Under Canon 3C(1)(d)(i) of the Code of Conduct for the United States Judges, a judge's impartiality might reasonably be questioned if they are a party to the proceeding. But if “[a] litigant with a case pending before a judge” responds to an adverse ruling by suing the judge, that judge is “not automatically disqualified from participating in other, unrelated cases involving the same litigant, whether they are filed before or after the complaint in which the judge is a defendant.” Committee on Codes of Conduct Advisory Opinion No. 103: Disqualification Based on Harassing Claims Against Judge (June 2009). “A complaint filed against a judge that is subject to prompt dismissal on judicial immunity grounds will not ordinarily give rise to a reasonable basis to question the judge's impartiality in unrelated cases filed against others by the same litigant.” Id. In this instance, “a nonmeritorious complaint, standing alone, will not lead reasonable minds to conclude that the judge is biased against the litigant or that the judge's impartiality can reasonably be questioned, and this will not require the judge to recuse.” Id. (emphasis added).

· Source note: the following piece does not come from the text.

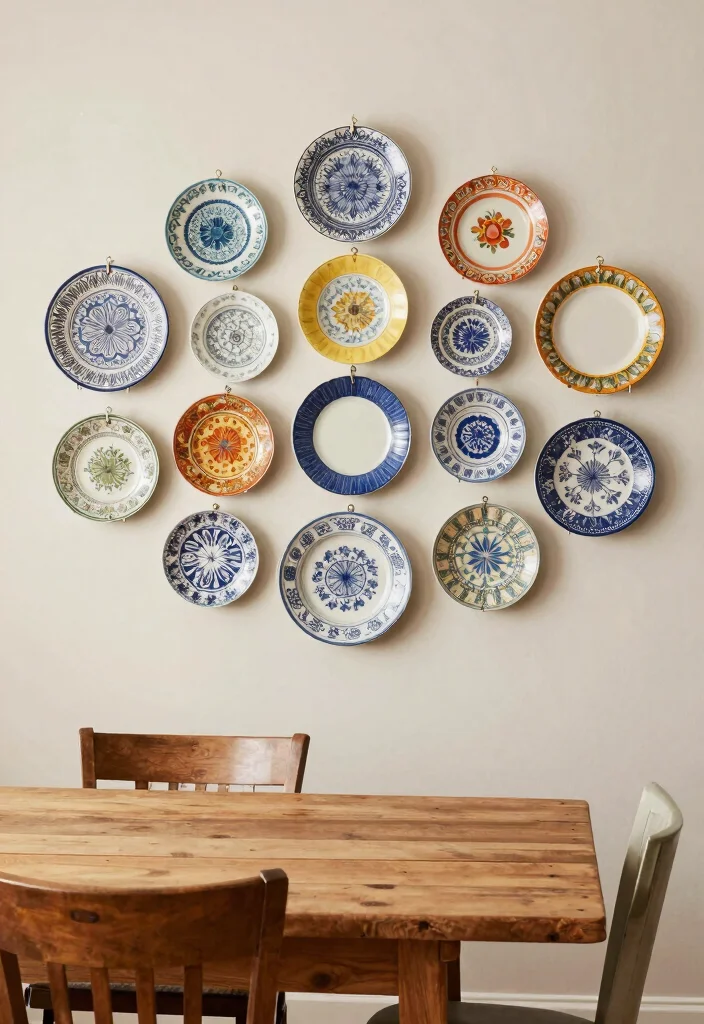 14 Large Dining Room Wall Decor Ideas for Statement Walls 10. Decorative Plates Display 0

Benshoof is frustrated by the Court's pace in dealing with the multiple motions in his other cases, including the Court's withholding of summonses for Benshoof's amended counterclaims pending judicial review. But “[j]udges and those performing judge-like functions are absolutely immune from damage liability for acts performed in their official capacities.” Ashelman v. Pope, 793 F.2d 1072, 1075 (9th Cir. 1986) (en banc). Thus, Benshoof's claims against the Court fall squarely within the scope of judicial immunity and will surely be dismissed.
As a result, the Court is not automatically required to recuse here even though Benshoof has named it as a defendant in a new case. Because reasonable minds would not question its impartiality under these circumstances, the Court declines to voluntarily recuse itself from this matter.
3. CONCLUSION
In sum, the undersigned DECLINES to recuse voluntarily. Benshoof's motion to disqualify, Dkt. No. 16, is REFERRED to United States District Chief Judge David Estudillo for decision.